Od: Krzysztof Chajęcki <k...@g...com>
XX YY wrote:
> no tak . tak jest .
> mnie w zeglarstweio najbardziej przeszkadza brak kobiety ;-)
> wiadomo stara szkola zeglarska mowi ze baba na pokladzie przynosi
> nieszczescie , ale jak tu bez baby wytrzymac? ;-)
Ja tam na braki nie narzekałem... ;-) żeglujemy oboje i to bynajmniej nie po
jeziorach... ;-) Szkiery fajne som, zwłaszcza rodzinnie... ;-)
> z fotografia ma to tyle wspolnego ze przydaloby sie kobitke czasem
> sfotografowac ;-)
j.w. Nie mam z tym problemów... ;-)
>> Jak się idzie grupą na wycieczkę, zwłaszcza z maluchami, to nie sposób
>> dobierać pory - schodzi się w dolinę koło południa i wraca wieczorem...
>
>
> tak jest - nie zawsze da sie zrobic dobre zdjecie , albo trzeba tez
> miec odpowiedni sprzet.
> mysle ze w Twoim przypadku brak stabilizacji utrudnil robienie zdjec
> pozna pora.
Nie - eksperymenty z nastawami ostrości. Te zdjęcia które są nieostre, były
robione w środku dnia.
>> Musi być lepiej, bo na moment zszedłem (a raczej spadłem na pysk) poniżej
>> jakości jaką uzyskiwałem poprzednimi, znacznie gorszymi, dającymi
>> mniejsze możliwości aparatami... Muszę szybko wrócić do poprzedniego
>> poziomu i iść dalej... ;-) Zwłaszcza że "Jesień idzie, nie ma na to
>> rady..." A jesień to czas fotografii... ;-)
>
> zgoda - rowniez i zeglowania.
na żagle wolę lato, na jesień góry... Strasznie nie lubię marznąć na nocnych
wachtach, za chudy jestem na to... ;-D
--
pzdr
meping
-
40. Data: 2009-08-25 06:48:45
Temat: Re: Parę fotek z Bieszczadów...
Od: XX YY <f...@g...com>
>
> Nie - eksperymenty z nastawami ostrości. Te zdjęcia które są nieostre, były
> robione w środku dnia.
>
>
kiedys to pomierzylem ale w dobrych warunkch sprzyjajacych pracy oka.

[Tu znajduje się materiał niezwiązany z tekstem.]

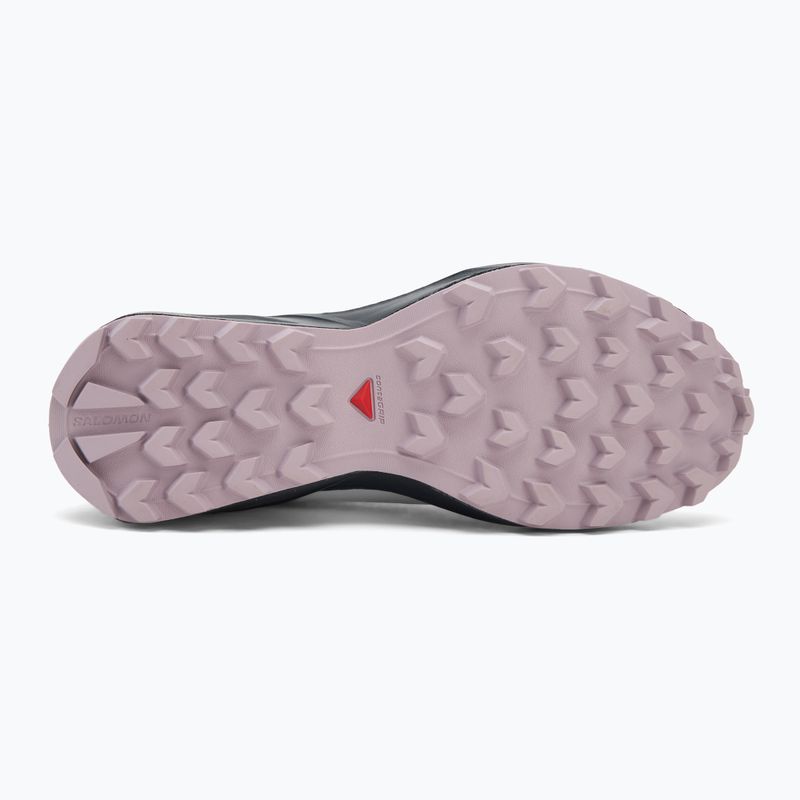 Női futócipő Salomon Speedcross Peak GTX kék éjszaka / grisaille / nirvana 4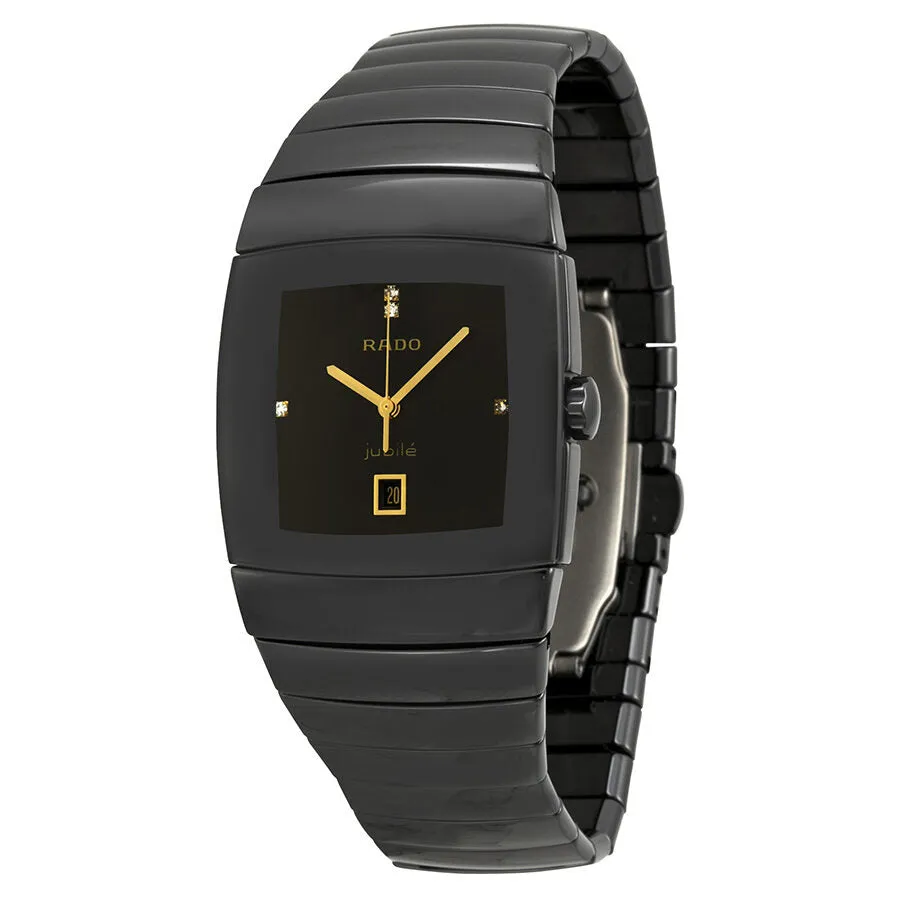Rado Jubile Black Dial Black Ceramic Men's Watch R31724712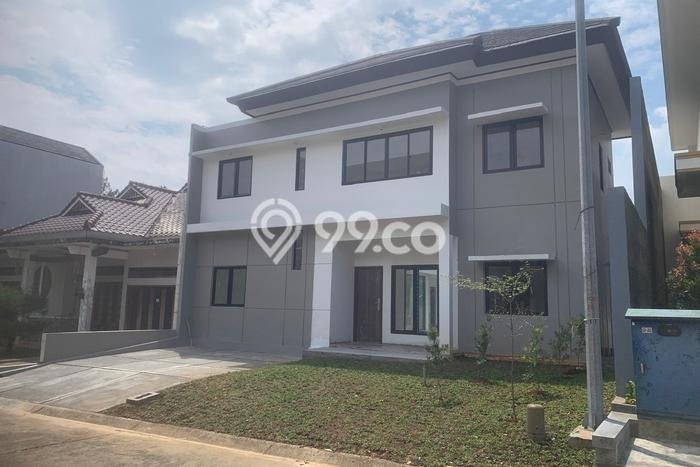 Ready to Use! Luxury House LT 277m2 Desain Elegan di Sentul City Ready to Use! Luxury House LT 277m2 Desain Elegan di Sentul City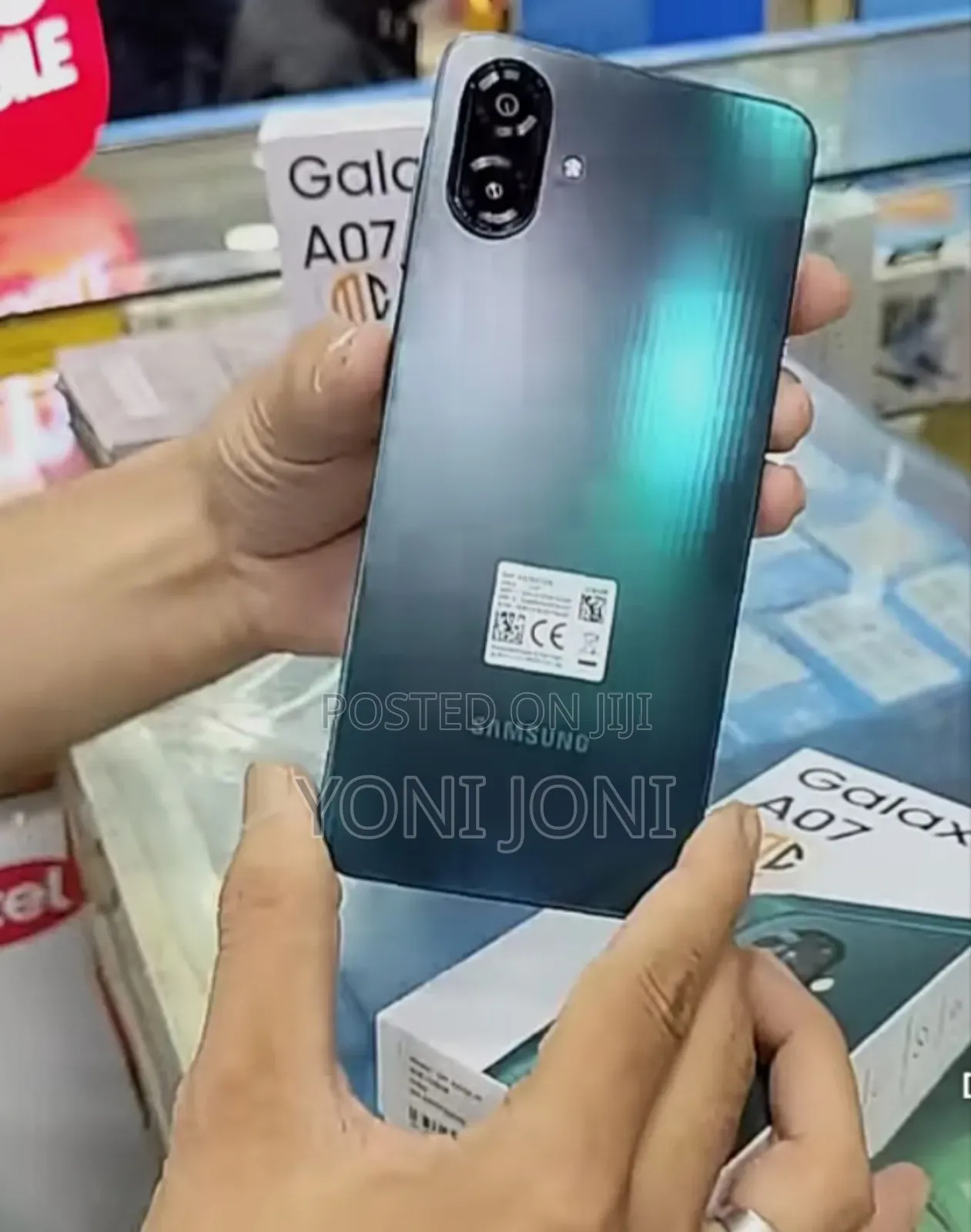 New Samsung Galaxy A07 4G 128 GB Blue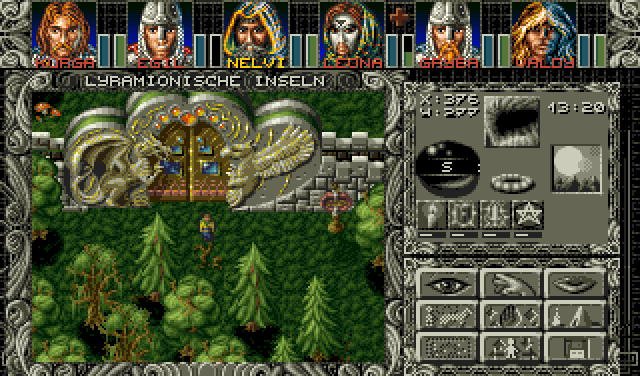 Gamrok's tweet photo. Very happy to discover that Ambermoon is being ported to PC (Windows, Mac and Linux)! This is one of the most beautiful RPG ever released on Amiga 💫
Thanks to @Pyrdacor2 for making this dream come true! 👍
#Ambermoon #RetroGaming #Amiga #DOSGaming https://t.co/VpMvTKG2eI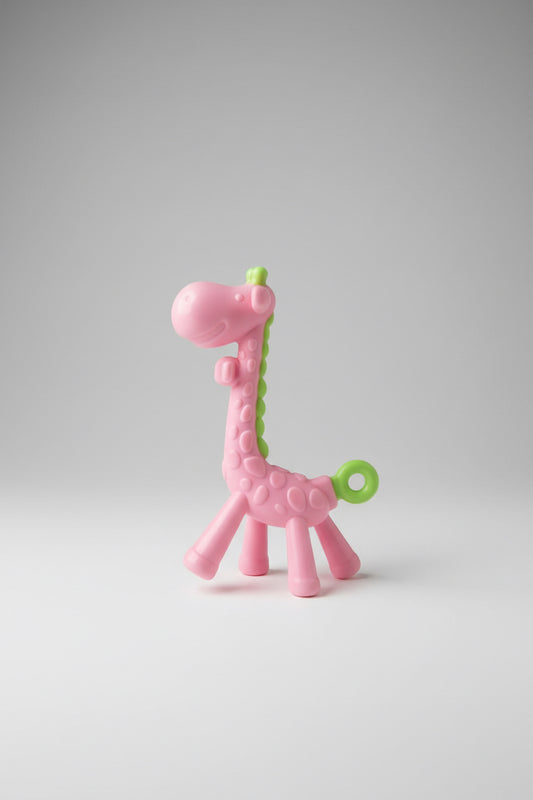 Mordedor Jirafa 🦒✨ – Silicona BPA Free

w dslr najgorsze wyniki ( i to w zasadzie nieakceptowalne ) dalo
ostrzenie na matowke , duzo lepsze w oprciu o AF detekcje fazy ,
zdecydowanie lepsze w oparciu o ekran LCD i 10*krotna lupe ( ale to na
ekranie wysokorozdzielczym jak na dzisiejsze czasy - rozdzielczosc
powierzchniowa ponad 300 kpx) i najlepsze wyniki dalo ostrzenie w
oparciu o detekcje kontrastu ( jak w hybrydych)
z tym ze nastawiaja recznie w oparciu o lupke w zasadzie nie udalo
sie uzyskac najwyzszej rozdzielczosci , ale tez nie bylo zasadniczych
bledow , w oparciu o detekcje kontrastu , uzyskana ostrosc byla wyzsza
ale zdazyl sie jeden przypadek nietrafionej ostrosci.
to bylo porownanie z 10 prob.
w sloneczny dzien ocena ostrosci na ekranie bylaby utrudniona.
nie znam dokladnie modelu aparatu jaki masz , ale hybrydy daja
wymienita ostrosc jesli obiekt jest nieruchawy - natomiast zawodza w
przypadku szybciej poruszajacych sie obiektow.